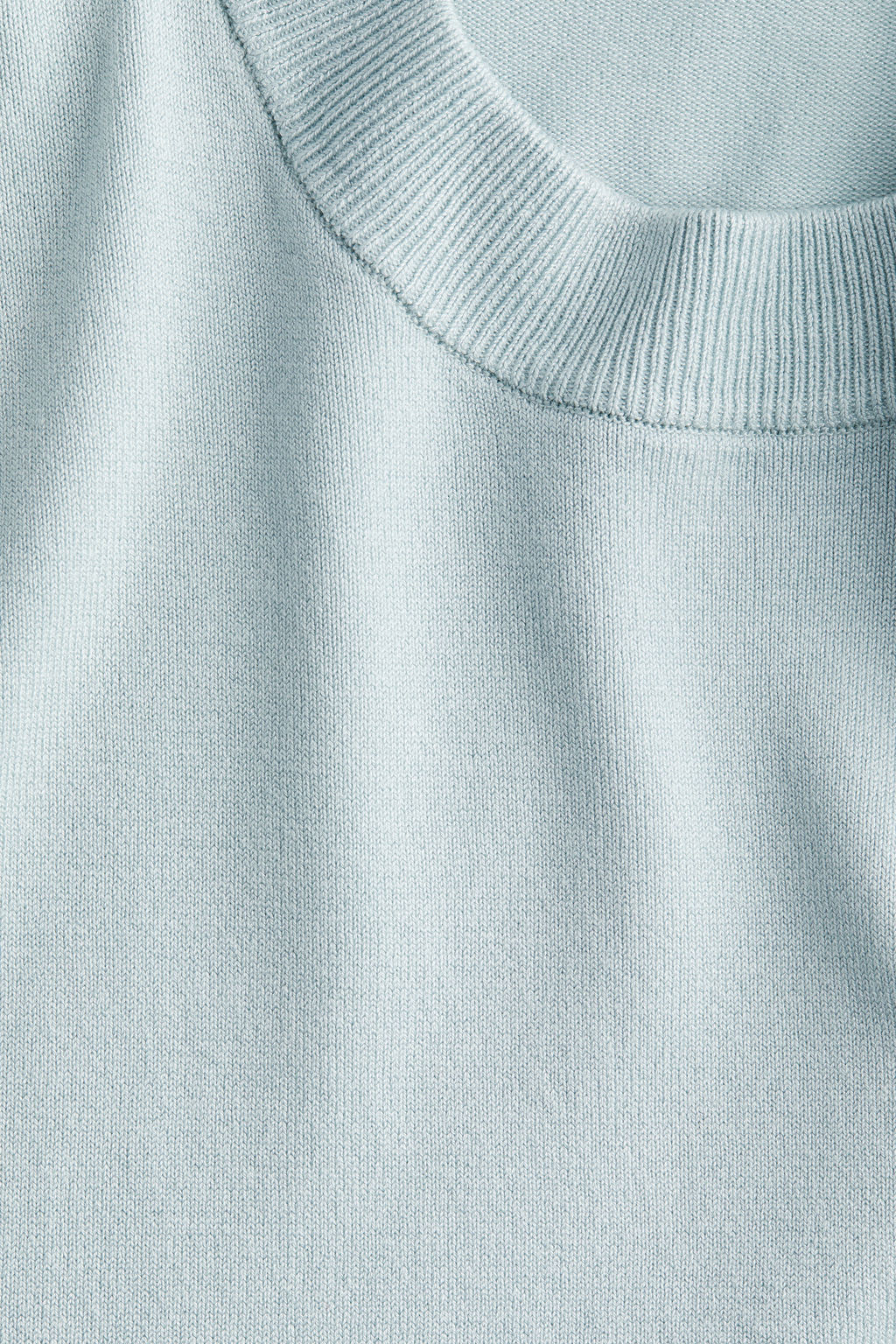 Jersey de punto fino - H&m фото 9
::::::::::
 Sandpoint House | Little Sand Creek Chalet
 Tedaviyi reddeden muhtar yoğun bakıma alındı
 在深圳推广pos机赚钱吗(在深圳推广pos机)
::::::::::
» WORK TO COMPLETE:
Retype the records above, but only those lines that fall between the line containing "Tedaviyi reddeden muhtar yoğun bakıma alındı" and the line containing "在深圳推广pos机赚钱吗(在深圳推广pos机)", with both of those lines included, exactly as written.

» EXERCISE RESULT:
 Tedaviyi reddeden muhtar yoğun bakıma alındı
 在深圳推广pos机赚钱吗(在深圳推广pos机)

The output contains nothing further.